Réponse. - La solidarité
stipulée dans les conditions sus-indiquées, qui ne peut
être que la solidarité active prévue par l'art. 1197
du Code Civil, a pour effet de conférer à chacun des créanciers
solidaires le pouvoir d'agir pour ses co-créanciers. Elle a pour
conséquence que chacun des créanciers peut recevoir valablement,
non seulement le montant de sa propre créance, mais aussi celui
des créances des autres créanciers solidaires et que, en
donnant quittance, il peut consentir la mainlevée totale de l'inscription
collective garantissant les créances ainsi éteintes. A fortiori, chaque créancier peut recevoir seul
un payement partiel et en particulier une somme égale au montant
de sa propre créance et donner mainlevée de l'inscription
en tant qu'elle conserve la somme ainsi reçue. Sans doute, dans
ce cas, la question peut se poser de savoir si le créancier en
cause a reçu ce payement pour lui seul ou si, comme le soutiennent
certains auteurs (Baudry-Lacantinerie et Barde, t. II-1136 ; - Demolombe,
t. XXVI, 156 et 158), la somme reçue doit être répartie
entre tous les créanciers solidaires. Mais la difficulté
n'intéresse que les relations des créanciers entre eux et
ne met pas en cause le caractère libératoire de la quittance
donné au débiteur et par suite la validité de la
mainlevée qui en est la conséquence. Par ailleurs, ce qui est vrai en cas de payement fait
par le débiteur l'est également, par identité de
motifs, lorsque le payement émane d'un tiers payant pour le débiteur.

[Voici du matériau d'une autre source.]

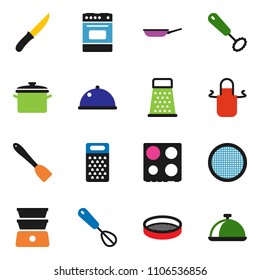solid vector ixon set - pan vector, apron, whisk, spatula, knife, grater, oven, double boiler, sieve, dish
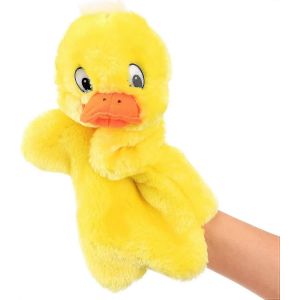 Marionnette à main en peluche jouet animal interactif pour le jeu de rôle Conte Préscolaire Enseignement Cadeaux d'anniversaire pour les enfants Garçons Filles Jaune,11 - Neuf
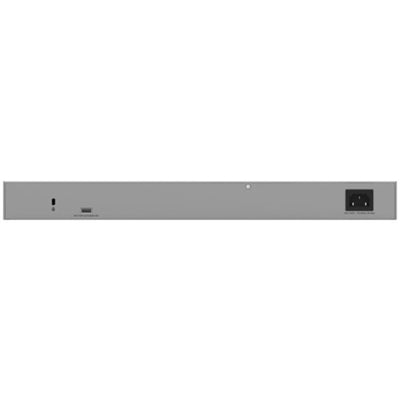 Rear right-angle view of Netgear ProSafe GS728TPP 24-port Gigabit PoE+ managed network switch with port labels visible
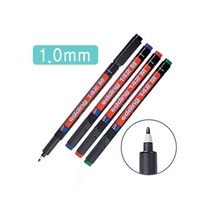 에딩 에딩e-142M 1.0mm 흑색 OHP마카펜유성(1)-1.0mm 흑 청 적 녹 노랑 주황 갈색 보라 유성펜, 흑색(S507071)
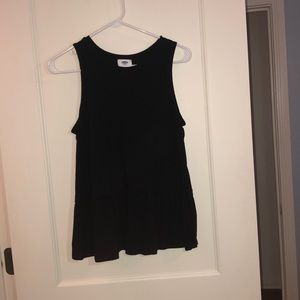 Black tank top with ruffled bottom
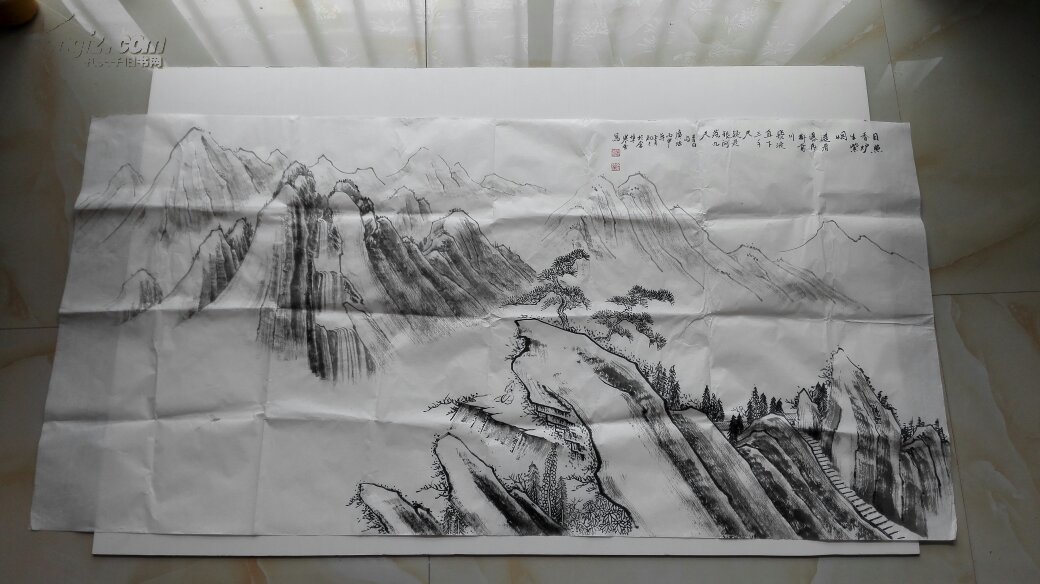 严广法，拍卖记录100万，同篇的是吴冠中15万，关山月5万。严广法传统山水，《四尺观瀑图》（保真）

Spécialement, chacun des créanciers solidaires peut, lorsqu'il
reçoit d'un tiers une somme égale au montant de sa propre
créance, subroger le tiers dans le bénéfice de l'inscription
à concurrence de la somme reçue, sans le concours des autres
créanciers. Le mandat que la stipulation de solidarité confère
à chacun des créanciers solidaires ne s'étend pas
aux actes de disposition. Il en résulte que la mainlevée
totale de l'inscription nécessite le consentement de tous les créanciers
solidaires lorsqu'elle n'est pas la conséquence du remboursement
des créances garanties. Mais, si, en cas de mainlevée sans
payement, chacun des créanciers solidaires ne peut agir au nom
de ses co-créanciers, il peut en revanche s'engager personnellement
et, par suite, donner mainlevée sans payement dans la mesure où
l'inscription conserve sa propre créance (Jacquet et Vétillard,
V° solidarité, n° 2 ; - Boulanger, t. I, n° 369 ; -
Chambaz et Masounabe-Puyanne, 2° éd., n° 1303). Par identité de motifs, si chaque créancier
solidaire n'a pas le pouvoir de céder la créance des autres
créanciers, il peut, par contre céder sa propre créance
sans le concours de ses co-créanciers et en conséquence
subroger seul le concessionnaire dans le bénéfice de l'inscription
en ce qu'elle garantit cette créance. Il en résulte qu'un Conservateur peut mentionner
la subrogation consentie par un des créanciers solidaires en tant
que l'inscription collective conserve sa propre créance, sans avoir
à se faire justifier que la cession a recueilli l'adhésion
des autres créanciers. Il en serait de même en cas de cession d'antériorité,
qui n'est autre chose qu'une cession d'hypothèque limitée
au rang que donne à celle-ci l'inscription, de même qu'en
cas de prorogation de délai. Annoter : C.M.L.. 2° éd., n° 907 et 1304 bis (à substituer au n° 1303, p. 348, col. 1).